Silk Road did go through Gilgit Baltistan
In modern times, the increased connectivity of the region with the outside world has attracted different writers who have explored various facets of history, culture and society of Gilgit-Baltistan. Among the diverse milieu of writers, modern travel writers have played an important role in the representation of Gilgit-Baltistan, creation of perception and formation of discourse about it. However, most of these writings are bereft of academic rigour, scholarly depth and anthropological empathy. As a result, the region has become victim of discourses that spring from subjectivity or created to serve the colonial power and postcolonial interests.
It results in depriving Gilgit-Baltistan of its historical connections with neighbouring regions and events in High Asia and makes the history of region subservient to the subjective definition of others.
One of the examples of subjective pronouncements about the status of the region is the reiteration of the claim by some writers that historically the Silk Road did not exit in Gilgit-Baltistan.

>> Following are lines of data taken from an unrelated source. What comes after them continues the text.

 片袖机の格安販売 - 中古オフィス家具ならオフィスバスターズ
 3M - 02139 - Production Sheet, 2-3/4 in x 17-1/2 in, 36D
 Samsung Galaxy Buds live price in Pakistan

Recently, a writer has published an article in an English daily where he claims to debunk the myth of the Silk Road. This article is in continuation of his articles published in English dailies since 2011, in which he rejected the idea that the classical Silk Road went through the region that is now Gilgit-Baltistan including Hunza. Since then the esteemed travel writer of Pakistan is hell bent upon proving existence of the Silk Road in Gilgit-Baltistan and Chitral as a myth. One can respect his opinion while disagreeing, but the derogatory tone of the writer using words and phrases like ‘pygmy’ ‘patent rubbish’, ‘ignorant tour operators’, calling doings of his distractors ‘the barking of dogs’, and condescending statement that he does not read anything written on the Silk Road by the average Pakistani’ smacks of imperial arrogance than the attitude of an earnest academician.
This article is an ordinary attempt to debunk this subjective history that manifests orientalist mindset, which takes upon itself to define and represent “Others”, and rejects indigenous knowledge as oral rubbish.

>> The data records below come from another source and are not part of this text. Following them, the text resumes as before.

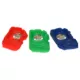 Product Zoo Med Hermit Crab Ramp Bowl - COLOR VARIES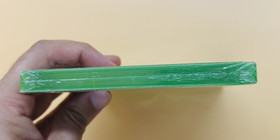 Doom Eternal for Microsoft Xbox One (XBO) and Xbox Series X (XSX) | SEALED | NEW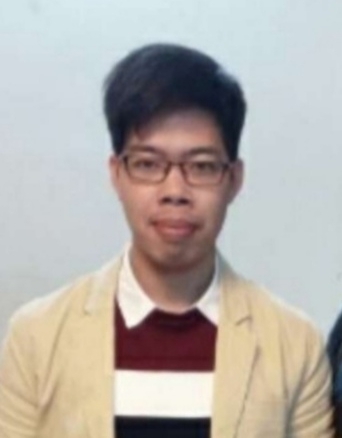 劳帅哥的第一张照片--衡阳相亲服务中心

The writer’s attributing the claim of non-existence of the Silk Road in Gilgit to Dr Herald Hauptmann in an earlier article is totally false as it goes against the very research of Hauptman on Gilgit. Hauptmann in his paper ‘Pre-Islamic Heritage in the Northern Areas of Pakistan’ shows different streams of movement along different arteries of the Silk Route. Basing his historical research on rock carvings and inscriptions he states, “Gilgit, the ‘gate to India’, served as the main hub interconnecting the north-south routes from China to the Punjab with the west-east routes between Iran and Kashmir and Ladakh, via Chitral.” He further claims, “The new Karakoram Highway (KKH), opened in 1978, more or less follows one of the main old north-south connections along part of the Indus and Hunza rivers.”

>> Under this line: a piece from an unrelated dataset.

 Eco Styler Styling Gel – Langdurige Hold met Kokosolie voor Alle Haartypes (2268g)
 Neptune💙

Also, epigraphic evidence from different parts of Gilgit-Baltistan testifies to the existence of Silk Route in the region. Historically, the Silk Road comprised different arteries connecting to main routes. Hunza, Chitral and Gilgit were one of the routes of the Silk Route. Jason Neeli’s paper ‘Hunza-Haldeikish Revisited: Epigraphical Evidence for Trans-regional History’ claims that “such networks of capillary routes connected the main arteries of the northwestern Indian subcontinent (sometimes called the Uttarapatha: ‘northern route’) with the silk routes of eastern Central Asia.”
There are thousands of names of ancient travellers and dates of travel inscribed on the thousands of rocks scattered from Haldikish in Hunza to Thalpan Das in Chilas. Irmtraud Stellrecht identifies primary and secondary routes nets between Central and South Asia in Gilgit, Hunza and Chitral. Among the secondary route-nets one was the easternmost link-route that connected Hunza and Gilgit to Pamirs in Kashgar.
Though the terrain of High Asia is harsh, it did not deter streams of caravans to traverse across Central and South Asia. The writings of travellers who travelled in the region almost one and half millennium ago bear testimony to connections of Gilgit, Hunza and Chitral with the Silk Road. Famous among these are descriptions of the region by Chinese travellers Fa Hsien, Songyun and Hiuen Tsang.
It is an established fact that Gilgit became the fulcrum of fight between Chinese and Tibetan states to control the Silk Road in the eighth century AD. Gilgit was called little Balur at that time. The queen of Gilgit was a Tibetan princess who got married to the king in 740. There are reports that many people from Balur were part of Tibetan army. Susan Whitfield in her book Life Along the Silk Road claims, “Tibetan had established their rule over the small valley kingdoms that controlled the route between the Silk Road and the Gilgit river valley which led to northern India.” She brilliantly shows the altercation between China and Tibet in 747 with special reference to the tale of a Tibetan soldier Seg Lhaton who was defeated by Chinese in Gilgit.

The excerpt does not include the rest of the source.